Sin lugar a dudas, me dieron una gran lección. A su manera, describieron pasajes vividos y compartidos con los vecinos. Tan interesante resultaba la tertulia que todos participaban en la conversación «poniendo su granito de arena». Rápidamente me di cuenta de qué, aunque tenían las manos con callosidades en las manos y su cuerpo ajado por el paso de los años y la dureza de su trabajo, eran personas inteligentes y pensantes que no tuvieron la oportunidad de expresarse en otros foros académicos.
Sin embargo, aquella reunión de huertanos locales «echando el pon», escenificaban «La Cátedra de la vida de Ulea». Lo pensé mejor y desistí de hacer las gestiones que traía en la mente y que era el motivo por el que había ido al pueblo. No lo dudé y me quedé con ellos.
Además de hablar sobre las tareas agrícolas y la penuria de las mismas, aquella asamblea parecía una tertulia literaria como las que se organizaban en el café ‘Gijón’ de Madrid; a las que acudía cuando iba a Madrid. Cada cual, desde su formación y perspectivas de vida, exponía sus opiniones que el resto escuchábamos con atención. Sin lugar a dudas, aprendí una gran lección.
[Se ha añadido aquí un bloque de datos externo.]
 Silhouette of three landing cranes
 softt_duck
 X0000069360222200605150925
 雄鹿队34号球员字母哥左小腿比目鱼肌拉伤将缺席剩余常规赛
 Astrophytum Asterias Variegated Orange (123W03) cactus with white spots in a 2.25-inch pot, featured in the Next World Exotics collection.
Unos hablaban del progreso, otros de los sentimientos; algunos, muy pocos, de los resentimientos. La mayoría ponía en valor la amistad, mientras otros del amor y el desamor.
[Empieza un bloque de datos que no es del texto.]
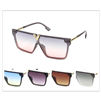 COLOR SUNGLASSES / J 7055 P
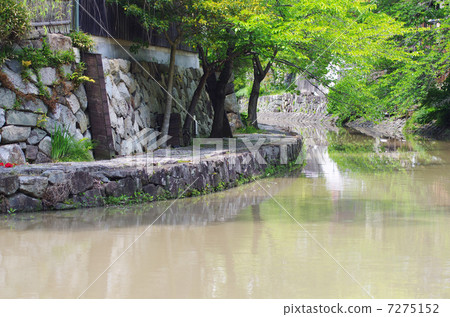 新鮮的綠色Yahata護城河和散步 7275152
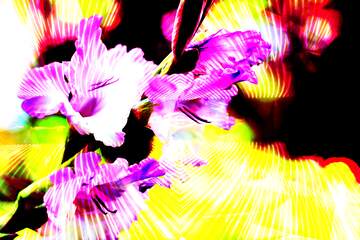FX №203142 Wallpaper desktop flower of gladiolus Polygonal abstract geometrical background with triangles
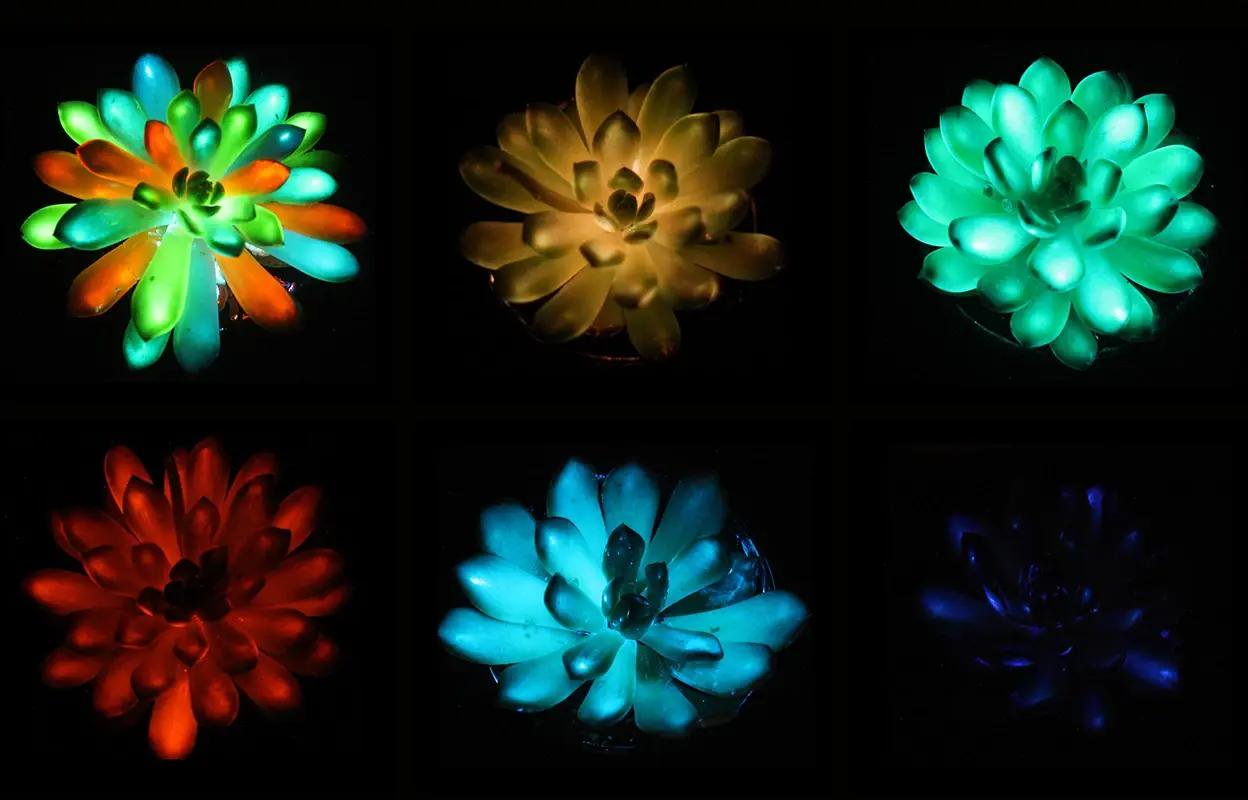 Scientists create glow-in-the-dark, rechargeable houseplants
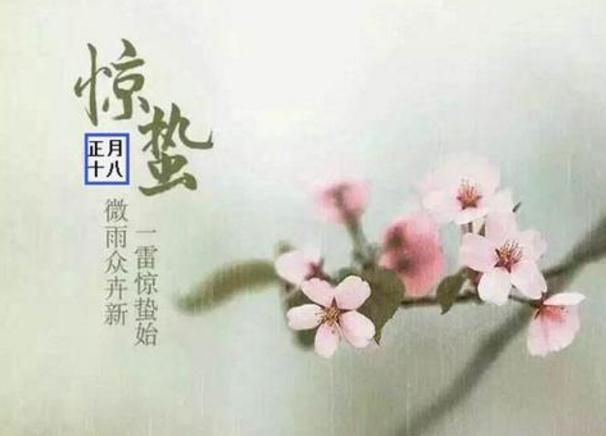 走过春天的蚂蚁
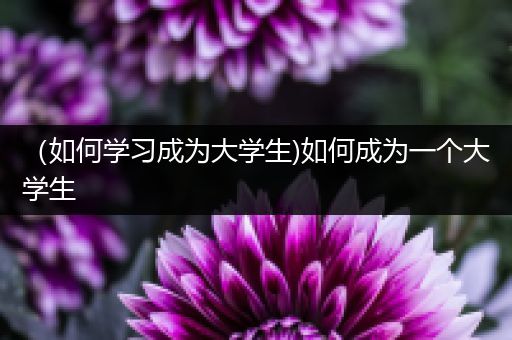 （如何学习成为大学生)如何成为一个大学生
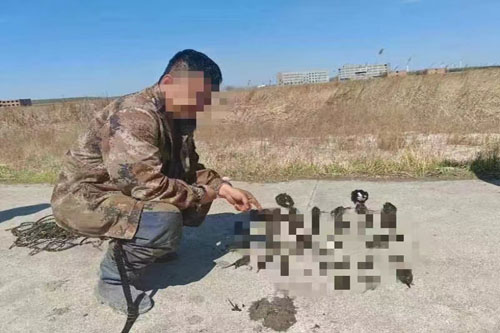 大慶公安連破兩起非法狩獵案件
Un nostálgico se centraba en el olvido de las personas queridas entradas en años. Algunos, se lamentaban del curso de la vida, sobre todo de la suya, y se hacían una tremenda reflexión ¿verdaderamente es una suerte seguir viviendo en esta situación de desamparo? No lo tengo claro, continuaba diciendo.
Mi mirada impactaba en sus rostros, a la vez que escuchaba atónito sus palabras y saqué mis conclusiones: Mientras pueda me acercaré al pueblo los fines de semana; con la finalidad de compartir con ellos un par de horas de tertulia. Verdaderamente, la profundidad en la conversación de la mayoría de los contertulios, no se escucha en muchos foros literarios de rancio abolengo.
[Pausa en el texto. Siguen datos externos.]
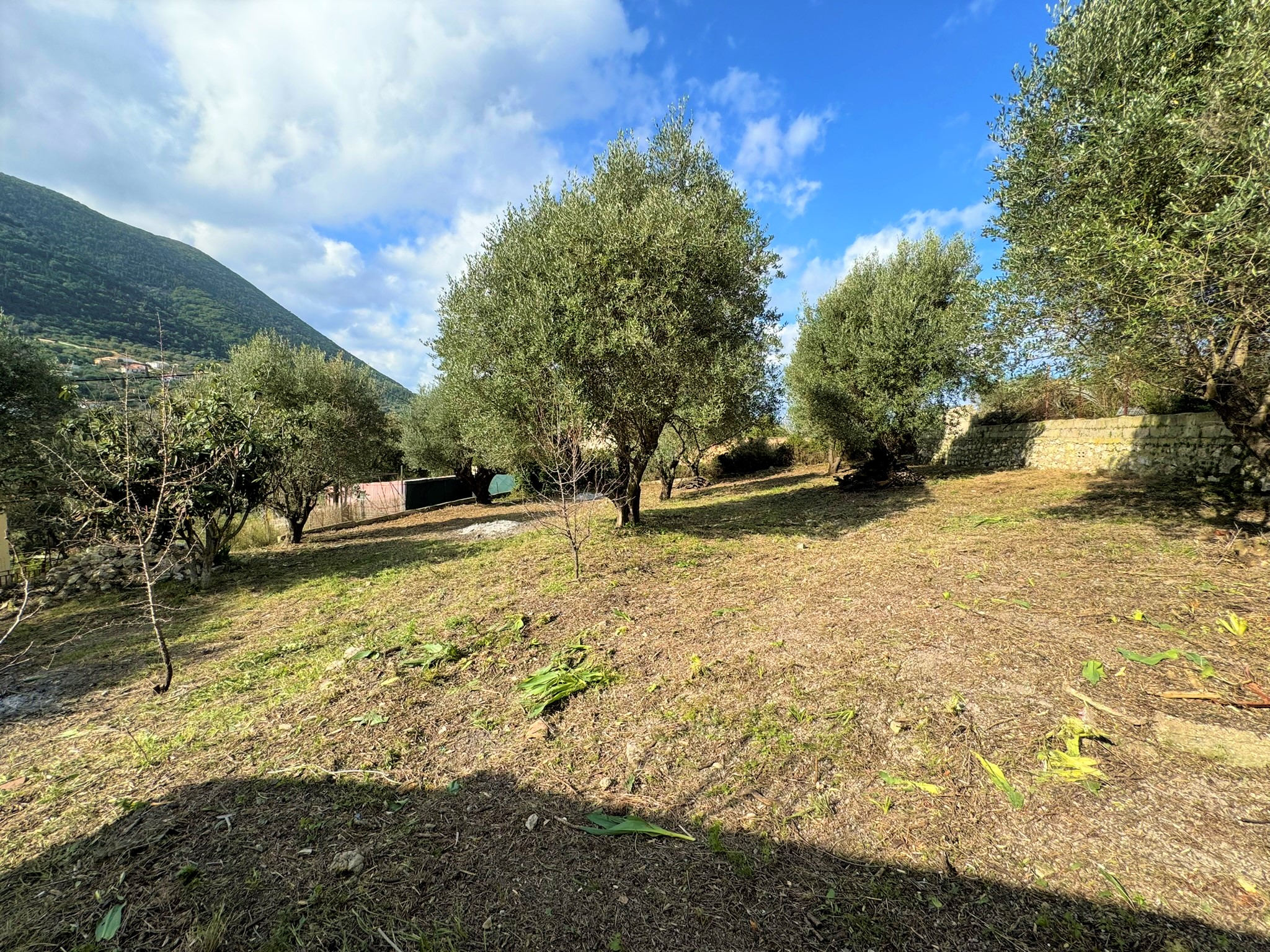 Views from garden of house for sale in Ithaca Greece, Platrithya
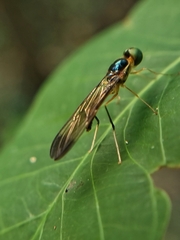 Ptecticus longipennis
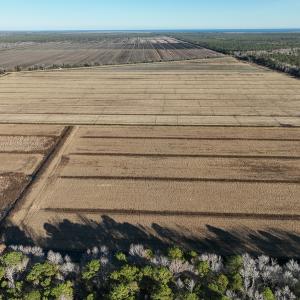 Photo #15 of Off Outfall Canal Road, Swan Quarter, NC 415.0 acres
Estoy convencido que esa charla semanal alrededor de una mesa degustando el tradicional «pon», era un «Sanedrín o asamblea de sabios» del pueblo, en el que todos participamos y damos nuestra opinión sobre los asuntos tratados. Todos teníamos la posibilidad de manifestarnos; aunque discrepáramos en la forma de contemplar los acontecimientos.